Today’s fast-changing projects call for managers to be highly responsive to the unexpected — those surprises that can alter the course of a well-laid plan

The “old school” approach was to emphasize control as adherence to plan — much like using a thermostat: a point is set; then, by measuring the temperature, the heat is turned on or off, maintaining the pre-determined standard. It’s simple and stable. But projects rarely are. In today’s fast-changing world, a more suitable metaphor for project control would be coaching. A coach would hardly be effective if he was isolated in the locker room, receiving statistics via a monitor — he needs to see the game in order to guide his team.

While it may not be possible to eliminate uncertainty, you can anticipate many of its surprises before they occur, and hence lessen their impact. Project managers must review formal reports — as well as “move about” during the progress of a project. I call this “systematic monitoring,” a two-step process of evaluating critical planning assumptions and providing timely feedback for continuous planning.

The following 15 rules for systematic monitoring are taken from Ninety-Nine Rules for Managing ‘Faster, Better, Cheaper’ Projects ( PDF 150 Kb).

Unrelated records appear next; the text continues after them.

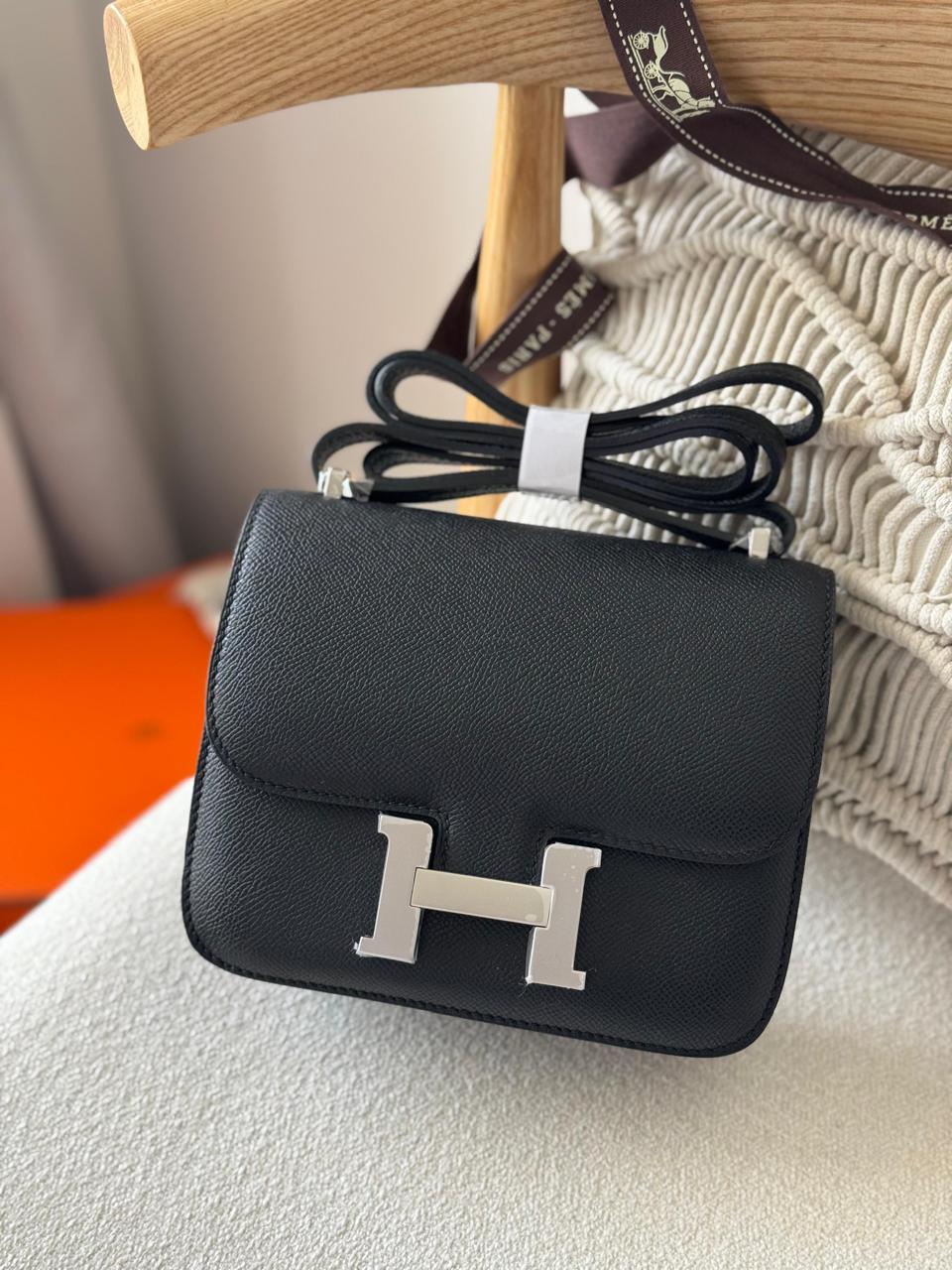 Ladies Herm**s bags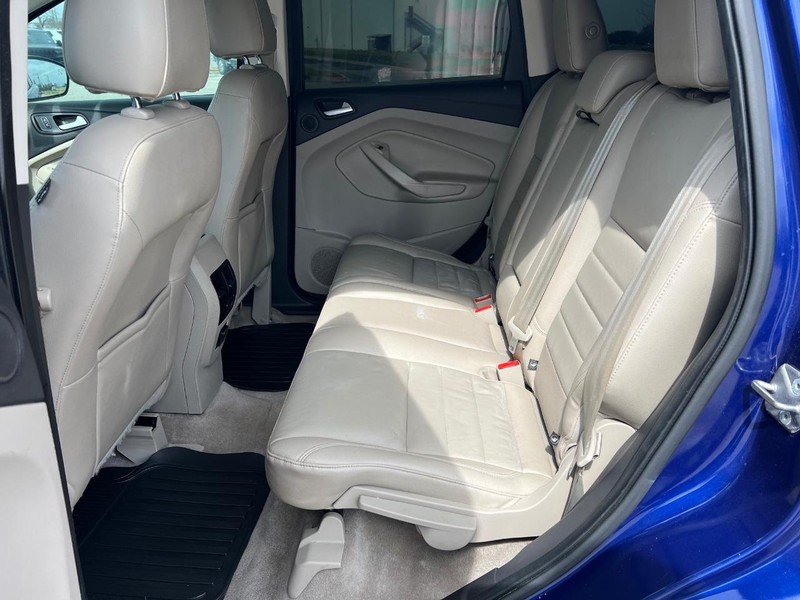 Ford Escape Vehicle Full-screen Gallery Image 09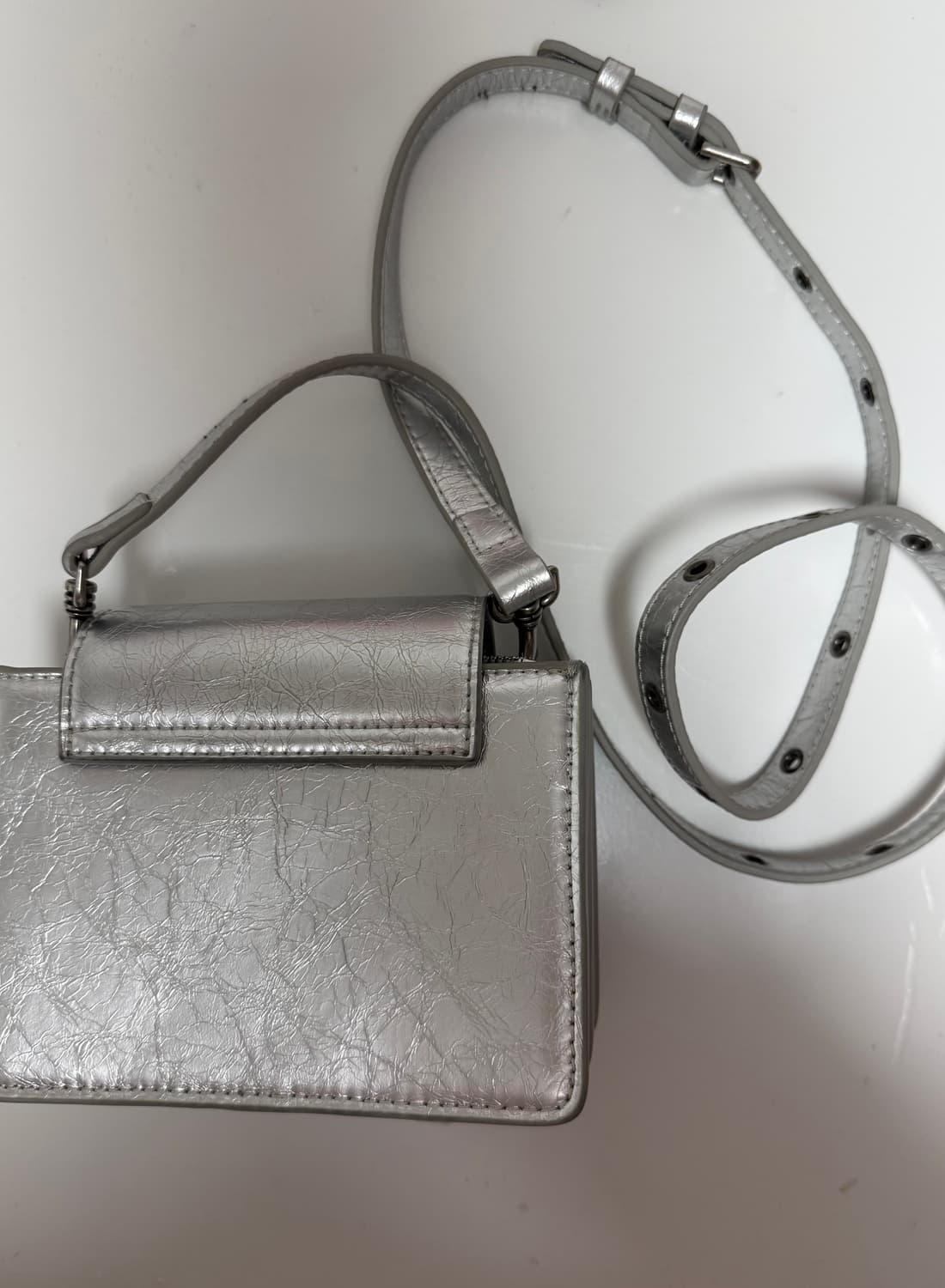 키시닝 스퀘어 트레블 미니 백 실버 상품이미지3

  1. Identifying a small problem is difficult; correcting it is easy. Identifying a big problem is easy; correcting it is difficult.
  2. Dynamic environments require monitoring the validity and achievement of objectives (effectiveness), and the utilization of the means (efficiency).
  3. In unsuccessful projects, there is never enough time to do things right, but there’s always time to do them over.
  4. Management systems don’t control projects. People do, helped by management systems.
  5. Only team members directly responsible for project implementation can control projects.
  6. What is yet to come can be controlled. Last week’s performance is relevant to the project team only when it helps them decide how to do next week’s work better.
  7. More paperwork does not ensure more reliable or accurate information — and it only seems that more measurement and reporting means better control.
  8. Excessive control often “encourages” employees to distort data or develop aberrant practices to suppress critical information in fear of management reprisal. This, in turn, provokes even greater management suspicion and scrutiny.
  9. Successful teams know that effective project control does not result from reviewing and analyzing performance reports, but rather by carrying out effective front-end planning.
  10. Managers who stay in one place are forced to make complex judgments with incomplete cues.
  11. Master project managers control the project by employing formal performance reports and by moving about.
  12. Moving about contributes not only to “understanding,” but also to “influencing” project control; plus, it allows project leaders a natural, subtle, and timely influence on project activities.
  13. When uncertainty is low, control is best implemented by measuring performance and then by taking corrective steps to adjust performance to the plan. As project uncertainty increases, control is less of a “governor” of execution, and more of a data collection function for continuous planning.
  14. In uncertain conditions, “control” should provide feedback for planning, and thus its emphasis should be on looking ahead with anticipation rather than looking back with justification.
  15. When uncertainty is high, the best way to control the project is by selecting adaptable and responsive people.